The Apple iOS 10 update may be awesome, but why should an Android user switch?

So, here's what I think about the new iOS 10 features.

Come September, and there begins a frenzy of sort among Apple fans. To buy or not to buy? Over the years, we've seen it all, the hype around the device even before the launch, long queues, and one more thing, courage. You name it and we've seen it.

With friends and colleagues glued to their expensive devices and swearing that they cannot ever switch back, it makes me wonder why I've never owned an iPhone.

I've dabbled with units in review labs and sat 'awwwwed' for a few minutes when checking out a friend's expensive unit, but there was never a device that I wanted to take back home. Well, hardware has evolved to a point that it doesn't matter, to a great extent, but iOS 10 is what makes all the difference. Apple fans might disagree. So, I've jotted down some of the new shiny features, and what, as an Android user, I think of them.

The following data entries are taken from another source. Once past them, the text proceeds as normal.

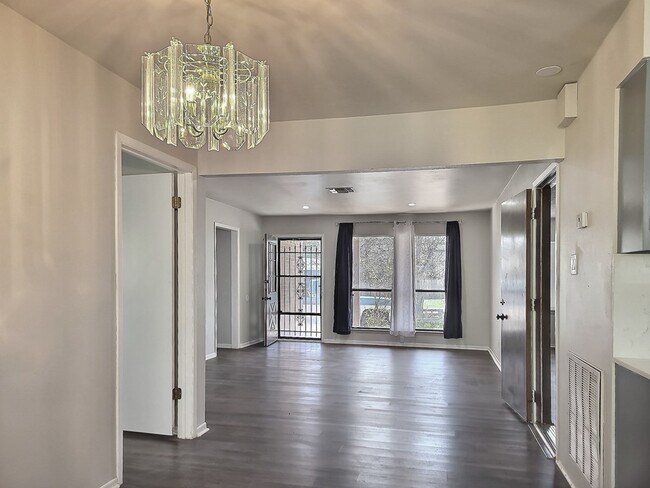 Foto del edificio - 108 Quail Valley Dr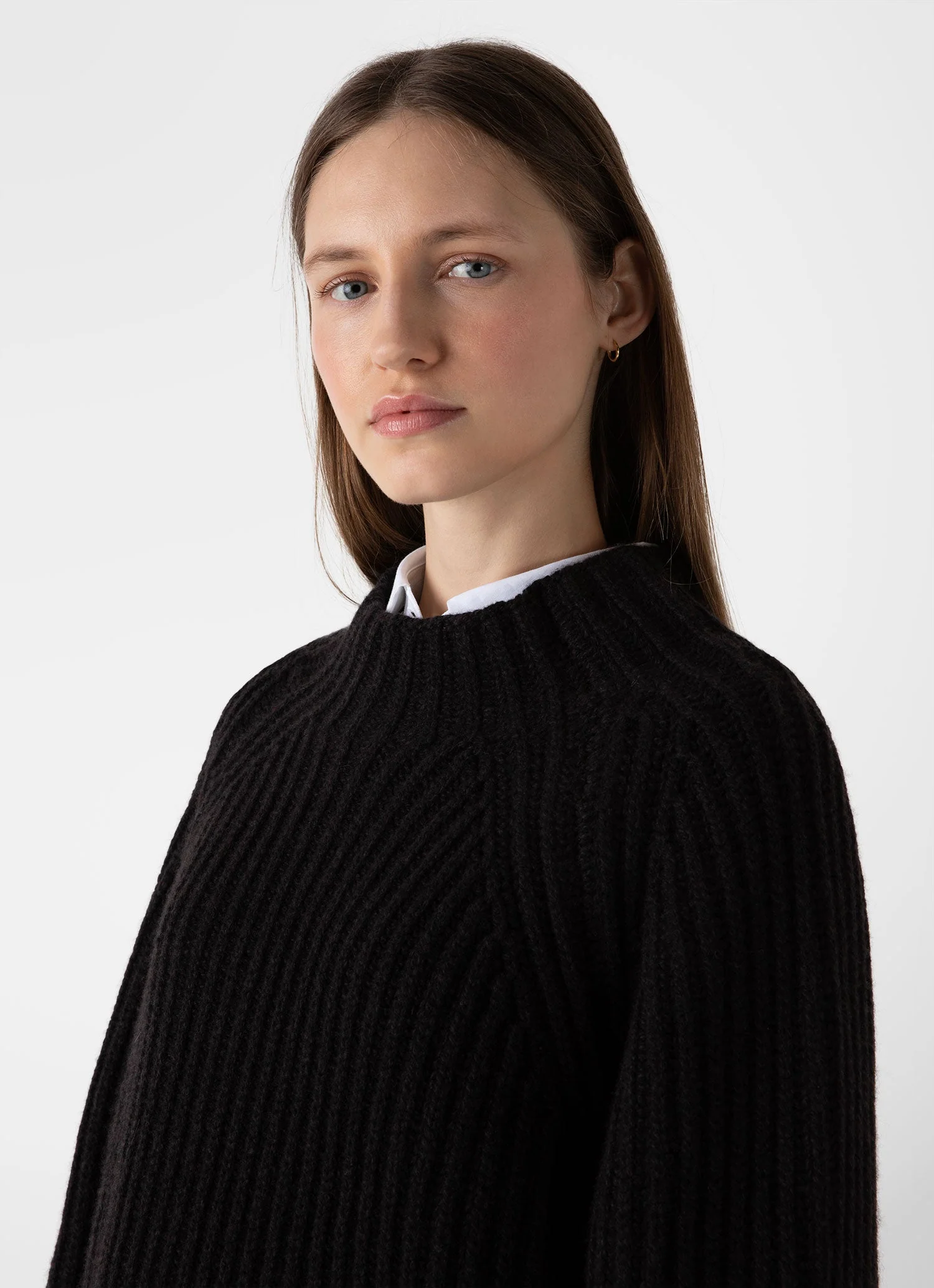 Women's Lambswool Chunky Funnel Neck Jumper in Coffee Twist - Image 3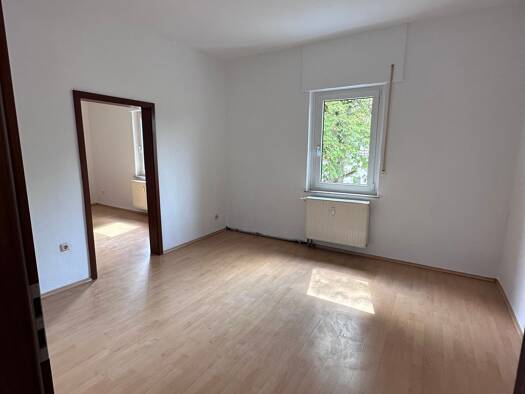 Wohnung zur Miete 320 € 1,5 Zimmer 36,5 m² Geschoss 1/3 frei ab sofort Röthenbach Röthenbach an der Pegnitz 90552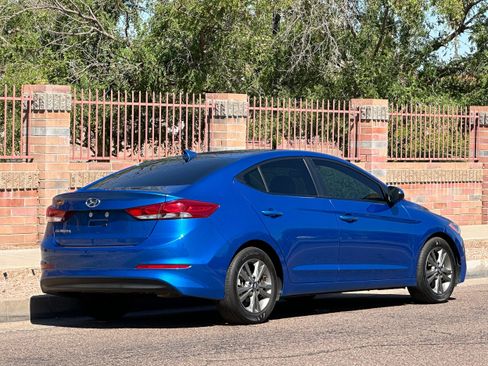 Used 2018 Hyundai Elantra SEL image 10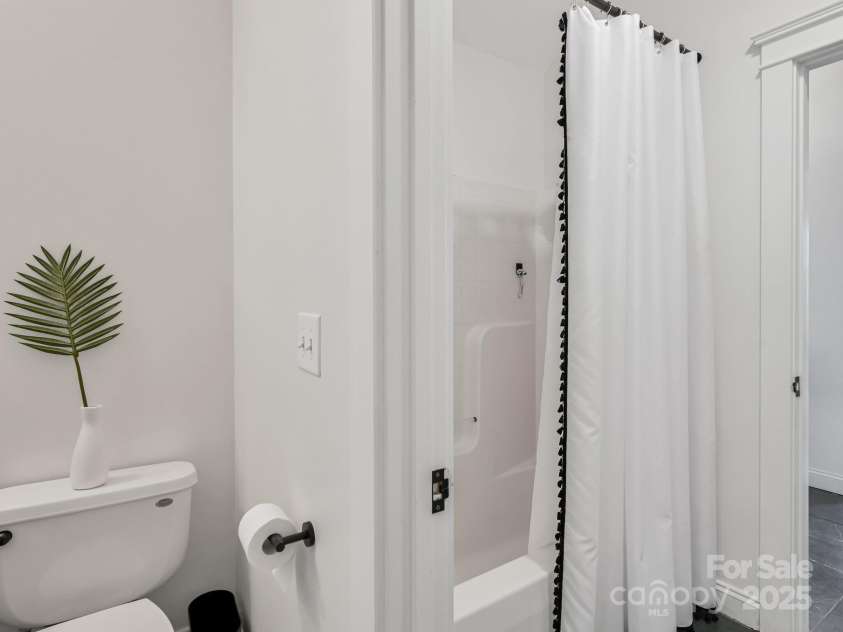 35 White Ash Drive, Asheville, NC 28803.  MLS# CAR4255921, YatesRealty ID 24020. Bathroom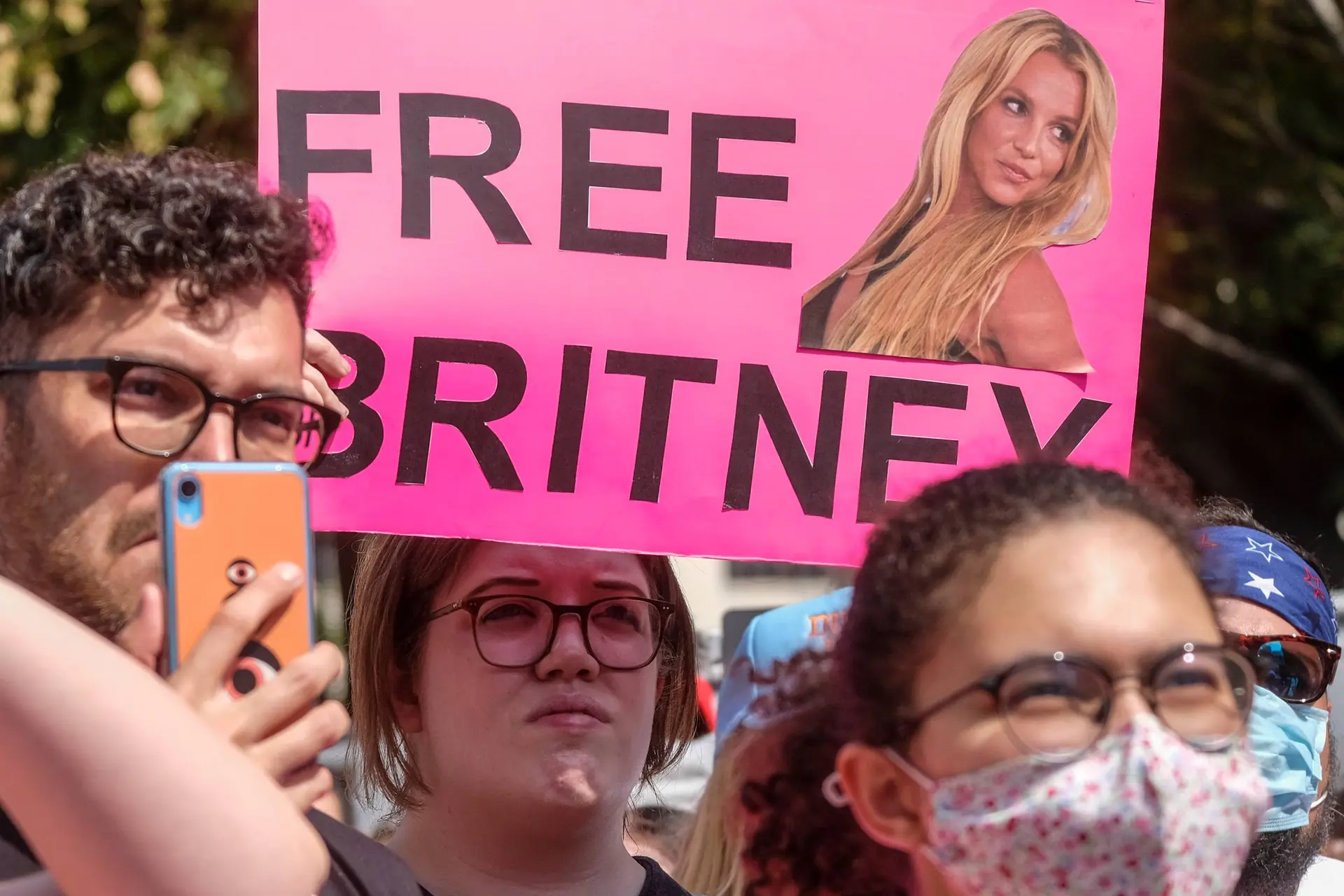 MIDDELVINGER NAAR DE INDUSTRIE: Britney verkoopt alles voor 200 miljoen en is er KLAAR mee!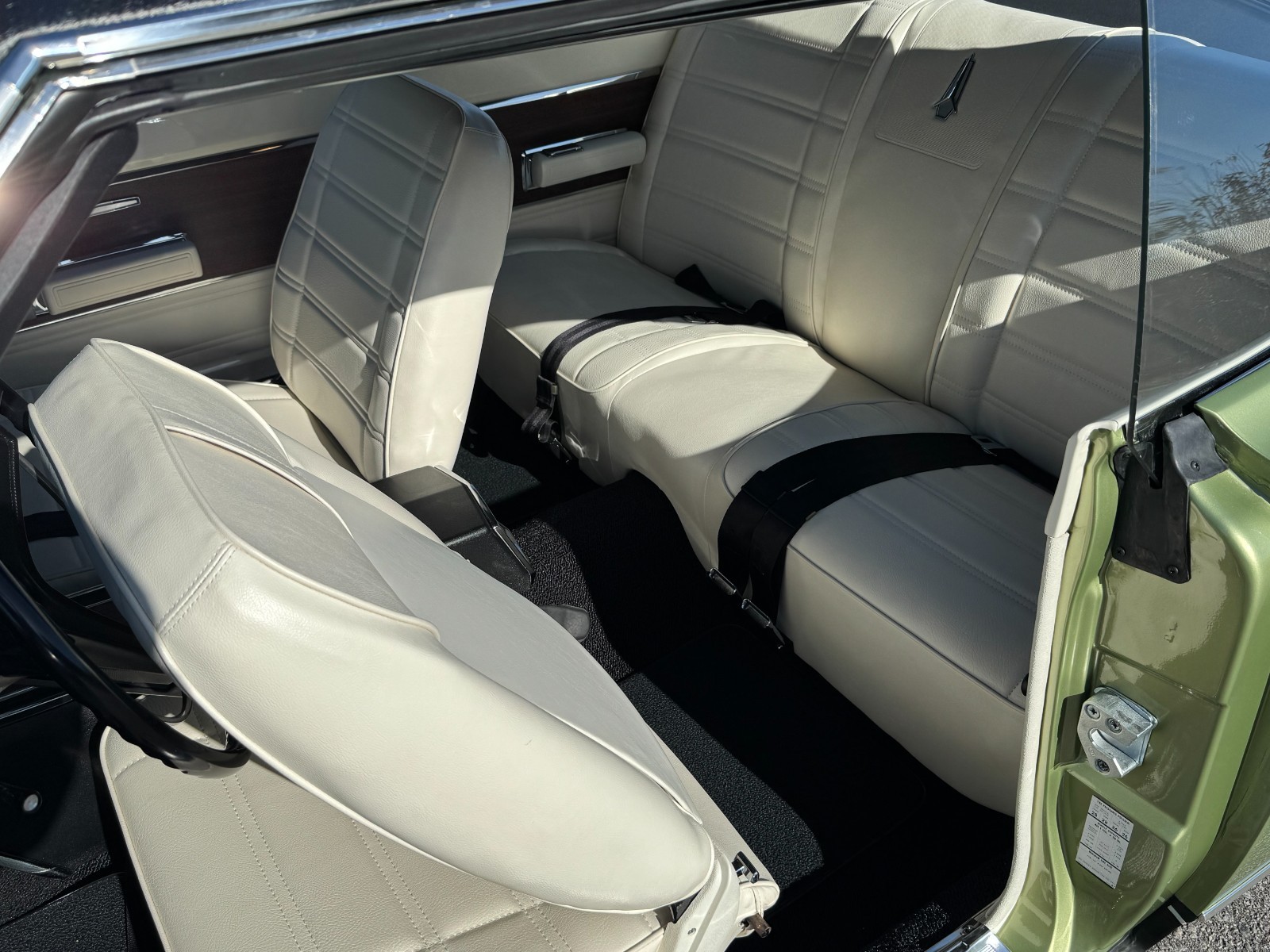 Plymouth-GTX-1969-Sedan-10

Lockscreen and homescreen: Widgets, Raise to wake, actionable notifications

Apple's lockscreen is listed among the new refreshed changes coming with the iOS 10. However, for an Android users it would seem quite similar to what they've already seen in an older Android iteration. The iOS 10 update lets you swipe left for quick camera access and right to go to widgets. This is something we saw way back when 4.4 KitKat was introduced. Also, yes, the company finally brings widgets, something that now seems to have been a part of Android for eons.

Then there are actionable notifications. This means, you can reply to messages directly from the lockscreen. Now again, this isn't a novel feature that Apple has invented.

Moreover, there's a feature called Raise to wake. It's a fancy name, I must say. On looking closer, I see that it's nothing more than your device's screen lighting up as you pick it. This is also something that many Android users have experienced before.


The Messages app has several big changes with iOS 10.  The full-screen effects, sticker packs and app-integration all come in the form of Message apps. Apple is getting more social with the messaging app.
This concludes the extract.